Don't Read the Comments
Author: Eric Smith
Publication Date: January 28, 2020
Publisher: Inkyard Press
Description from the Publisher:
Two teen gamers find their virtual worlds—and blossoming romance—invaded by the real-world issues of trolling and doxxing in the gaming community.
Divya Sharma is a queen. Or she is when she’s playing Reclaim the Sun, the year’s hottest online game. Divya—better known as popular streaming gamer D1V—regularly leads her #AngstArmada on quests through the game’s vast and gorgeous virtual universe. But for Divya, this is more than just a game. Out in the real world, she’s trading her rising-star status for sponsorships to help her struggling single mom pay the rent.
Gaming is basically Aaron Jericho’s entire life. Much to his mother’s frustration, Aaron has zero interest in becoming a doctor like her, and spends his free time writing games for a local developer. At least he can escape into Reclaim the Sun—and with a trillion worlds to explore, disappearing should be easy. But to his surprise, he somehow ends up on the same remote planet as celebrity gamer D1V.
At home, Divya and Aaron grapple with their problems alone, but in the game, they have each other to face infinite new worlds…and the growing legion of trolls populating them. Soon the virtual harassment seeps into reality when a group called the Vox Populi begin launching real-world doxxing campaigns, threatening Aaron’s dreams and Divya’s actual life. The online trolls think they can drive her out of the game, but everything and everyone Divya cares about is on the line…
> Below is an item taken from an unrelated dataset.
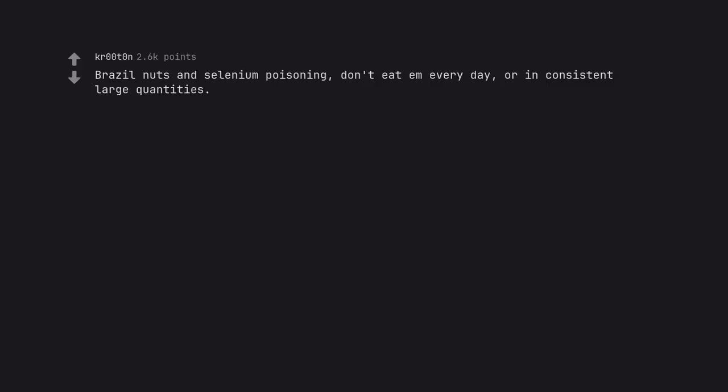Brazil nuts and selenium poisoning, don't eat em every day, or in consistent large quantities.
And she isn’t going down without a fight.
Eric Smith is an author, prolific book blogger, and literary agent from New Jersey, currently living in Philadelphia. Smith cohosts Book Riot’s newest podcast, HEY YA, with non-fiction YA author Kelly Jensen. He can regularly be found writing for Book Riot’s blog, as well as Barnes & Noble’s Teen Reads blog, Paste Magazine, and Publishing Crawl. Smith also has a growing Twitter platform of over 40,000 followers.
Author website: https://www.ericsmithrocks.com/
Don't Read the Comments by Eric Smith is a fun quick read!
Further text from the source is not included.